空冷ポルシェが大好きだ。自分は今は水冷モデルに乗っているが、空冷のあのガサつきながらもシャープなフィールとメカには今でもシビれる。考えてみれば、名だたる超一流スポーツカーメーカーが、前時代的ともいえる空冷OHCのエンジンをつい最近まで造っていたことは感慨深い。ヘタをすると危ない車にもなってしまうRRレイアウトをポルシェ独自の設計と技術で手なずけ、熱的に明らかに不利な空冷エンジンを磨いてきた。だからこそ、超一流メーカーなのだけど。
ドゥカティの空冷モデルが大好きだ。今は国産の水冷モタードに乗っているが、空冷Lツインのあの唸って弾けるようなフィールとカミソリのようなハンドリングにはシビれる。ドゥカもやはり一見古くさい空冷OHCツインエンジンを造り続けてきた。しかも、新車ラインナップの中に今でも存在する。ドゥカのLツインエンジンは前側シリンダーが水平に寝ているため、クランク軸が前輪から遠ざかり、前輪荷重を稼ぎにくく、ヘタをすると危険なバイクになってしまうという構造上の弱点がある。しかし、独自の設計と技術で名車を次々に生み出してきた。

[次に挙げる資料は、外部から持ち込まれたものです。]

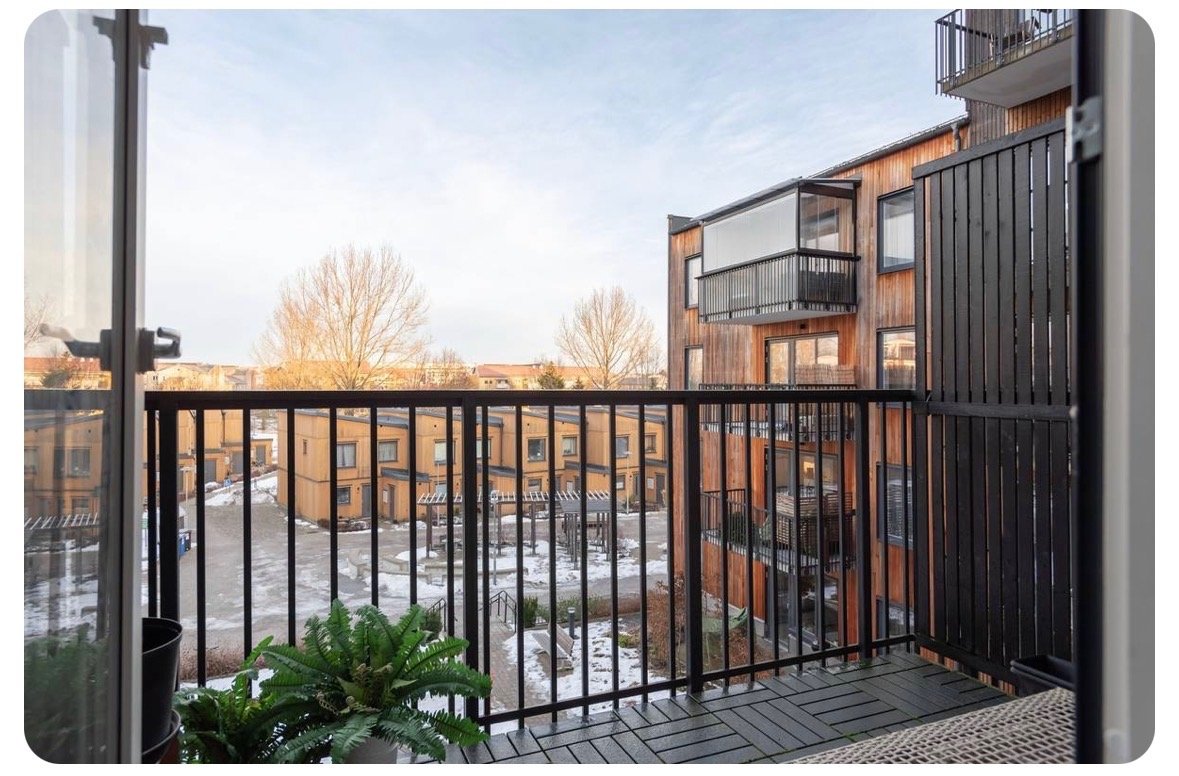 2 rok · 48 m² i Örebro – Örebro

20年以上の付き合いがある、つーかお世話になってる千葉県君津市の「
SilverBird(シルヴァバード)」は、主にドゥカティを扱うこだわりのバイクショップ。代表者の牧野功氏は、バイクやクルマでは自分の師匠的な存在。なぜかお互いとても志向が似ていて、バイクとクルマ、そして音楽の話を一緒にするのが楽しいオジサンだ。時として頑固オヤジっぽいところもあるが、基本的には永遠のバイク小僧でクルマ小僧的な楽しいオッサン。まあ、自分も充分にオッサンなのだけど。もちろん牧野氏はただのオッサンではなく、すごいメカニックでもありビルダーでもあるスーパーオッサンだ。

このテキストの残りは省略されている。